On Climate Change, where is Pakistan currently? Where does Pakistan want to go? And how does Pakistan get there?
By Dhriti Mukherjee

On 21 September, Ali Tauqeer Sheikh wrote an editorial in Dawn, titled “Climate action leadership,” where he discussed the climate challenges that Pakistan faces ahead of the COP28 summit in November 2023. In the background of Pakistan’s recent role as the chair of the G77+China at the last climate summit, the country is at a point where it must address climate challenges by increasing momentum in its efforts. Sheikh emphasised the significance of addressing four fundamental challenges: political and macroeconomic stability, institutional and policy reforms, climate finance architecture, and climate-smart actions at the provincial level. Focusing on this could bolster Pakistan’s “climate-resilient and low-carbon development journey.” In line with this, he raised three central questions.

Where is Pakistan currently?
The Global Stock-take (GST), conducted under Article 12 of the Paris Agreement, provided a comprehensive assessment of global climate efforts through 13 findings, centring around “mitigation”, “adaptation”, and “implementation.” While some positive achievements can be acknowledged, the author brought to light how “no discourse has taken place on the implications of the overshoot for Pakistan.” The GST’s conclusion that global commitments fall short of limiting global warming to 1.5°C highlights the urgency of more robust climate action.

Where does Pakistan want to go?
With 2030 as a pivotal year for climate stabilisation and Sustainable Development Goal (SDG) implementation, Pakistan’s climate narrative must align with these global goals. The decisions made at COP28 will shape Pakistan’s future sectoral policies at both national and provincial levels. A well-thought-out response to the GST findings will determine international interest and support in bridging financial and investment gaps.

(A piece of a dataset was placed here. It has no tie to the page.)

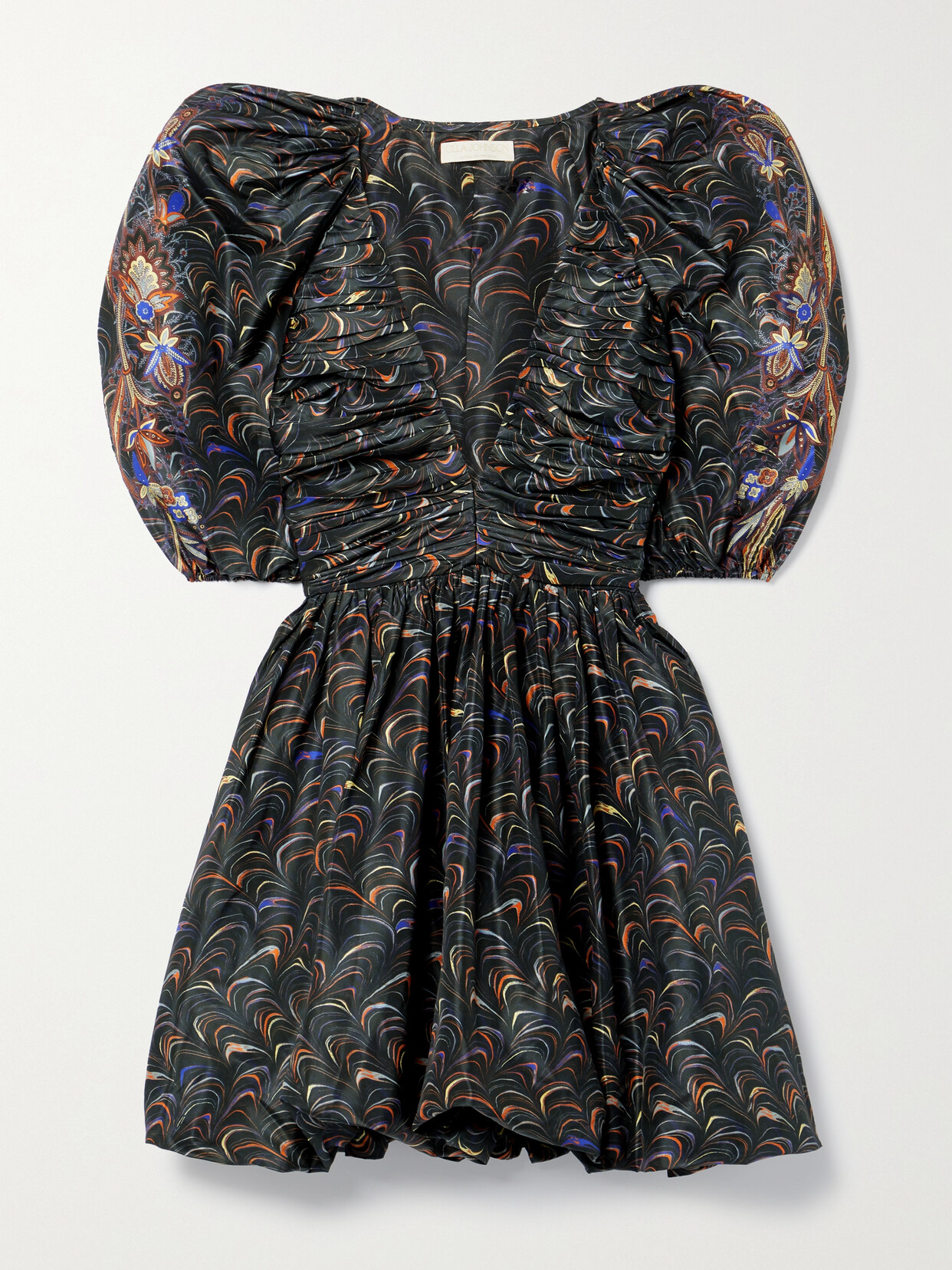 Ulla Johnson Gwen Elbow Puff-sleeve Mini Dress In Black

Pakistan aspires to become a global leader in climate resilience and sustainability; thus, a strategic and comprehensive response to the findings of the GST is paramount.
 

How does Pakistan get there?
The editorial highlights a critical concern: the recent rise in global temperatures exceeding the 1.5°C threshold. Based on the recommendations of a report by the Overshoot Commission, this rise indicated the need for “accelerating emission reductions, more resources to adapt to climate impact, and scaling up CCS technologies.” The GST findings highlighted the complex relationship between climate and development, which are vital for Pakistan as it moves towards prioritising the “National Adaptation Plan (NAP), NDC, and climate policies” in its provinces.  Aside from this, the author also brought out the fact that global attention during the COP28 summit will be on “devastation caused by dam outbursts in Libya and the earthquake in Morocco.” The 2022 floods in Pakistan are not likely to “evoke emotional support,” and keeping this in mind, Pakistan must bring forth steps that it took as part of climate action. This includes conducting a Climate Change Council meeting for COP28 like the outgoing government had done for COP27, developing the provincial roadmaps for NAP implementation, “climate finance architecture and cataloguing climate actions on the ground.” These steps will carve the path for Pakistan in its “climate-smart development.